It's time for Pippa to head to California and stamp an arse shape on the Hollywood walk of fame...

'Pippa, love, you're not fooling anyone...'

One week on since a nation wept at the sight of Pippa Middleton’s buns and demand for her derriére shows no sign of stopping. We’ve worn out the Sky+ remote rewinding those crucial bending moments from the big day. We’ve even ordered a selection of wedding day DVDs in the vain hopes of some deleted scene sections devoted to Pippa. But deep in our hearts we know this won’t be enough to entertain us for long. But could the vast number of DVD sales attract some attention from Hollywood?  It can’t be a coincidence that Kate and Wills first official trip will see them visit California in July - P-Middy has clearly dropped heavy hints about the idea so she can join them and make her next move. A Hollywood blockbuster could be just the thing. Just think studio execs - Pippa won’t need a body double, so you can avoid the threat of the unseemly gossip that surrounded Natalie Portman in Black Swan. There’s no need to fork out for costly acting lessons as we’ve all seen she can bend over and walk in a straight line on cue. Cast Pippa Middleton in any of the following films and you’ll have ass fans flocking to the cinemas clutching their 3D glasses in eager anticipation.

Carry On Up The Aisle.

Once upon a time there was nothing we enjoyed more than watching an endless stream of innuendo and face gurning in a variety of different genres. The franchise tackled camping, healthcare and history but never a royal wedding. It was British cinema at its best. We’ve tried and failed to resurrect the format but a big Hollywood budget and Pippa Middleton’s arse could be just the right combination. I like to think the Carry On re-imagining of the moment Pippa made her way up the aisle will see the Queen adjusting her bosom with one arm, elbowing Prince Philip with the other whilst doing a comedy grimace the late great Les Dawson would have been proud of.
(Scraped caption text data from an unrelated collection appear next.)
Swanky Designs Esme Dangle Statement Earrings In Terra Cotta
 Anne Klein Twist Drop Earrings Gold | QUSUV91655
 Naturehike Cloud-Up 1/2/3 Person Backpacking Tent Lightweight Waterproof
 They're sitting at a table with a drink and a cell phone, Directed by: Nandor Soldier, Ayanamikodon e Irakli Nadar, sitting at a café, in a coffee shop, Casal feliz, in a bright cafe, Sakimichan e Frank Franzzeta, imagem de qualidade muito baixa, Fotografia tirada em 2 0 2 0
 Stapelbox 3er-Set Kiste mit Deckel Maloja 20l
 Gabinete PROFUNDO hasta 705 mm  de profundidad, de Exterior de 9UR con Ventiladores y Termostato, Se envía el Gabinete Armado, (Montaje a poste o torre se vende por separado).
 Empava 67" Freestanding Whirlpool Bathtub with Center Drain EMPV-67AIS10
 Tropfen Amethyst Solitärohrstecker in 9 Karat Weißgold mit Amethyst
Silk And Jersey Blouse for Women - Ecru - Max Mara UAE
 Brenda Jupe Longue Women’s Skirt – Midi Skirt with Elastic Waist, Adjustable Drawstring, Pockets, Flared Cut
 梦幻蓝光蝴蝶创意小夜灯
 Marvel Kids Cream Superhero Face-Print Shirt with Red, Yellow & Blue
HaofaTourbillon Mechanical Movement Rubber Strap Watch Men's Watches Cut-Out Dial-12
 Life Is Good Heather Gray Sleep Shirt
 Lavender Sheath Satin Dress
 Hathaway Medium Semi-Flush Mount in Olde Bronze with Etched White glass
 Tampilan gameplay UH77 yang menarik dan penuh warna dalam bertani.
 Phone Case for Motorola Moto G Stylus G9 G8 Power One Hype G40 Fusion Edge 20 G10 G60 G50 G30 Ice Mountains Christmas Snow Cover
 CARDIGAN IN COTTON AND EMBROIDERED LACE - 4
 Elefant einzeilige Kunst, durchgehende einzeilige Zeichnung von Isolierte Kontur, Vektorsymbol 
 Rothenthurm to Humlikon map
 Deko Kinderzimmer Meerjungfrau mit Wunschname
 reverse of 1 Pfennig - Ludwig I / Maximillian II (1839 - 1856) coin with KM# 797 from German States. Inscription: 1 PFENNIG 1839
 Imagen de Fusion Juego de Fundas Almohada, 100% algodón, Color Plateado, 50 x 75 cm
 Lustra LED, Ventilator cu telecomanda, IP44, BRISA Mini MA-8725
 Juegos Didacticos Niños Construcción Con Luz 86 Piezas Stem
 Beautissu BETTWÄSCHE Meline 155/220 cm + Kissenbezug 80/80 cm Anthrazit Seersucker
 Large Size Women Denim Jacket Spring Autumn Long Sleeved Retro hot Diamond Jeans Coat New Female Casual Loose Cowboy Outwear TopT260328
The film sees a young Pippa seeing a future where she’s plagued with cruel time-lapse photography videos of her arses demise. Can she find the elixir of life in time?

Pippa Middleton and the Philosophers Stone.

This fantasy quest for eternal youth by Pippa could hold an element of truth. Think about it, you’ve got the most famous arse of the moment and it’s going to be photographed for years to come. You’ve insured it, trademarked it and flaunted it but you can’t protect it from mother nature. The surgeons knife is too risky - no-one wants one cheek lower than the other. The only solution is immortality. The film sees a young Pippa seeing a future where she’s plagued with cruel time-lapse photography videos of her arses demise.  Can she find the elixir of life in time?

Forrest Rump.

This film needs to be made if only for the fact we’ll have some new takes on the most famous catchphrases from the original film. A film tagline of ‘Life is like a royal wedding, you don’t know how famous you’re going to get,‘ and a poster showing P-Middy limbering up for the big day should see cinemas sold out across the globe. I think we’d all like to sit in the cinema shouting “Run Pippa Run” at the screen. An outstanding performance from Pippa in this has Golden Globes written all over it.

Bumhog Day

A welcome remake of Bill Murray’s ‘Groundhog Day’ sees P-Middz reliving the wedding day over and over again until all the elements combine in such a way that she and her cheeks achieve overnight success and world domination. A comedy of errors along the way sees her ultimately learning that life can never really prepare you for the day that the British public, as one, lean over some rickety scaffolding and issue you a collective wolf-whistle.

Bridesmaid Revisited.

The title’s questionable but it’s sure to grab those all important headlines. A gritty yet heart-warming biopic of Pippa and her family’s early struggles in the slums of deepest Berkshire. It charts the difficult relationship between the two sisters, their impoverished years at boarding school and Pippa’s constant feeling of being the underdog. Can P-Middy over come all of her trials and tribulations to win life’s ultimate prize -Rear of the Year?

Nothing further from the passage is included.